BEGIN GIVEN INFORMATION
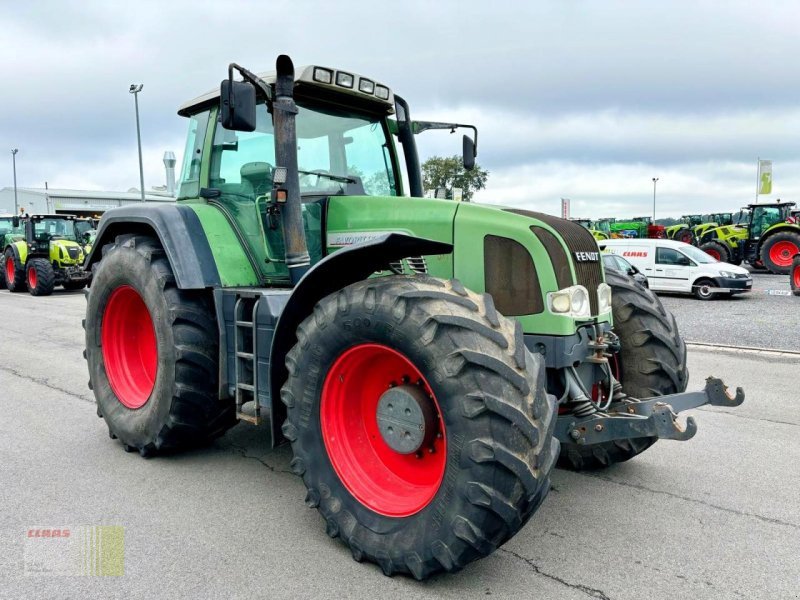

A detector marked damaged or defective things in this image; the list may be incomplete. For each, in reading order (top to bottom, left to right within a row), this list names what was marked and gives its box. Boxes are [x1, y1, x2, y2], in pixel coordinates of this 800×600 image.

pavement crack [0, 366, 93, 404]
pavement crack [223, 440, 292, 474]
pavement crack [584, 474, 796, 528]
pavement crack [500, 548, 612, 600]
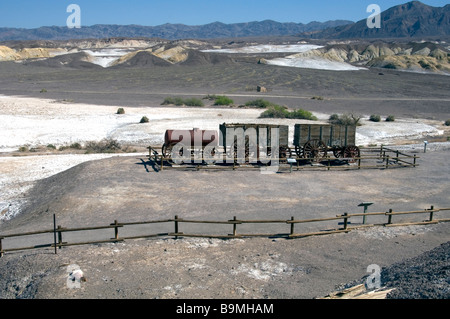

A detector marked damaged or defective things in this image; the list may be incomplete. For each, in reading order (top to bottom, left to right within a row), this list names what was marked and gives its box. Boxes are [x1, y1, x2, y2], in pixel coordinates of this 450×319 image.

rusty water tank [163, 128, 218, 147]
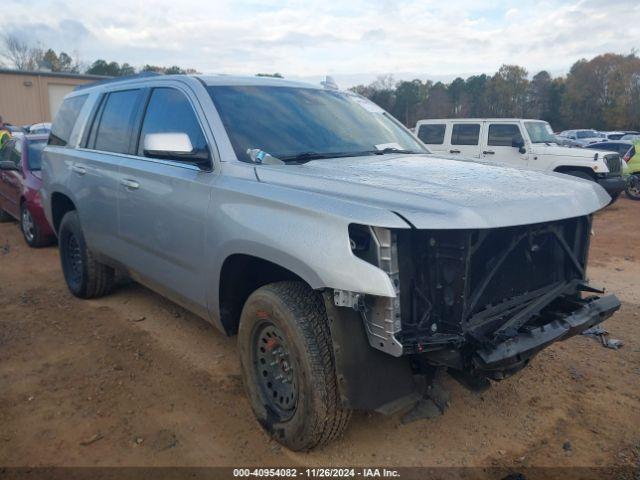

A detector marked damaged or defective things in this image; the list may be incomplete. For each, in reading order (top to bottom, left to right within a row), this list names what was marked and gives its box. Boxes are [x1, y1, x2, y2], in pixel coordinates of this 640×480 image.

damaged front end of suv [328, 215, 616, 412]
front bumper missing [476, 292, 620, 376]
detached bumper piece [476, 292, 620, 378]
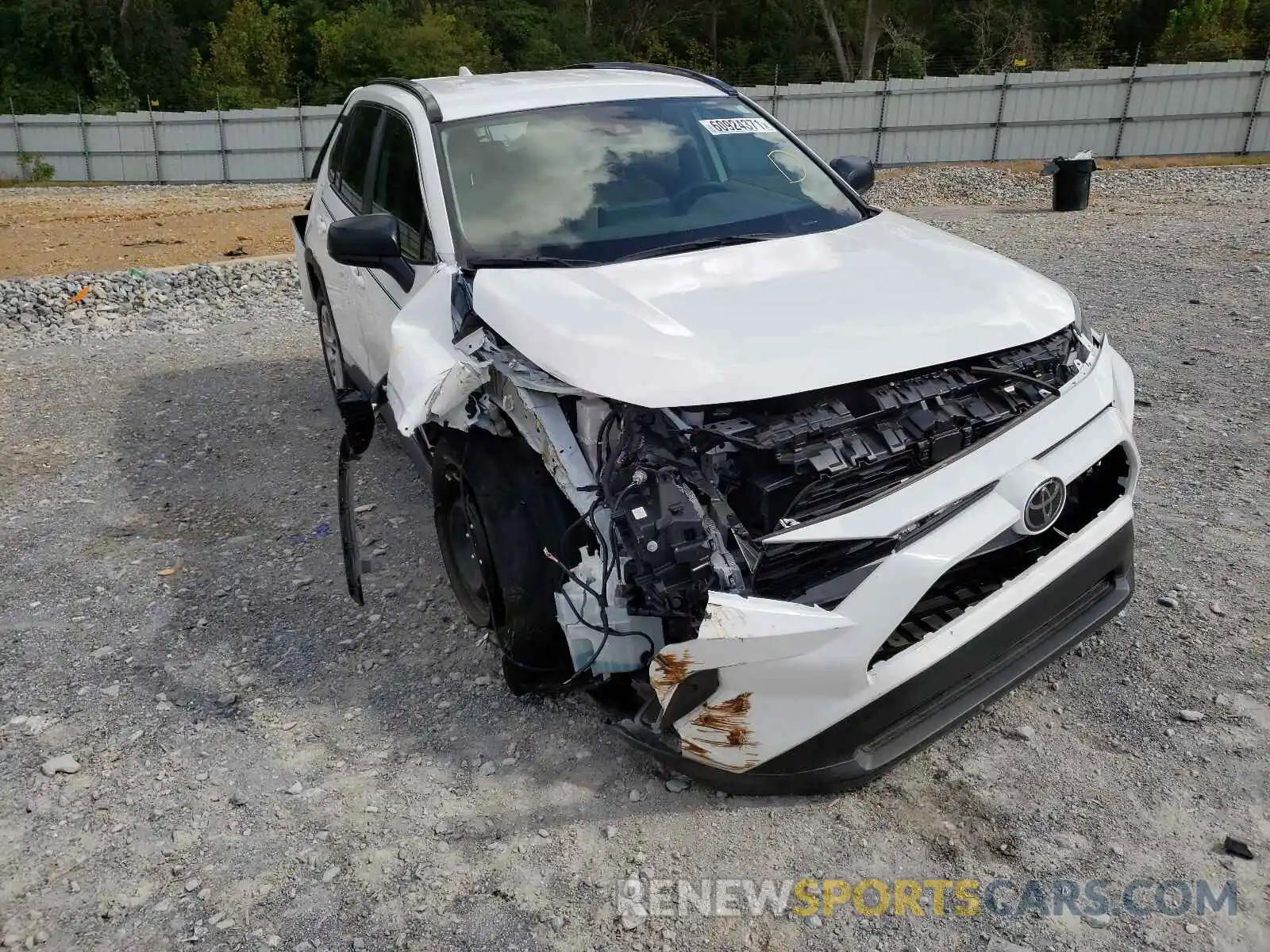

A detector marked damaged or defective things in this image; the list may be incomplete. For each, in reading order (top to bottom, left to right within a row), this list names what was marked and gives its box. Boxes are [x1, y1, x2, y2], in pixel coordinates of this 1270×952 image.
END GIVEN INFORMATION
Give the listing again exactly, minus its images.

ANSWER TO THE EXERCISE:
A detector marked damaged or defective things in this image; the list may be incomplete. For each, in reading order (top to bottom, left to right within a row), this list names what was marked and gives its box. Boxes are [x1, y1, x2, y2], in pixel coordinates of this 800×600 image.

pavement crack [0, 366, 93, 404]
pavement crack [223, 440, 292, 474]
pavement crack [584, 474, 796, 528]
pavement crack [500, 548, 612, 600]

A detector marked damaged or defective things in this image; the list may be incomplete. For each, in reading order (top to bottom, left to right within a row), this list names what was marked and gives its box. Boxes are [x1, y1, x2, y2], in pixel coordinates of this 450×319 image.

rusty water tank [163, 128, 218, 147]

A detector marked damaged or defective things in this image; the list may be incomplete. For each, in reading order (top to bottom, left to right within a row), this list names what was marked and gives its box. Boxes are [x1, y1, x2, y2], in pixel coordinates of this 640×480 image.

damaged front end of suv [328, 215, 616, 412]
front bumper missing [476, 292, 620, 376]
detached bumper piece [476, 292, 620, 378]

A detector marked damaged or defective things in this image; the list may be incomplete. For each, in reading order (top to bottom, left to right within a row), this list names what was marked and gives its box. Boxes are [x1, y1, x2, y2], in pixel coordinates of this 1270×952 image.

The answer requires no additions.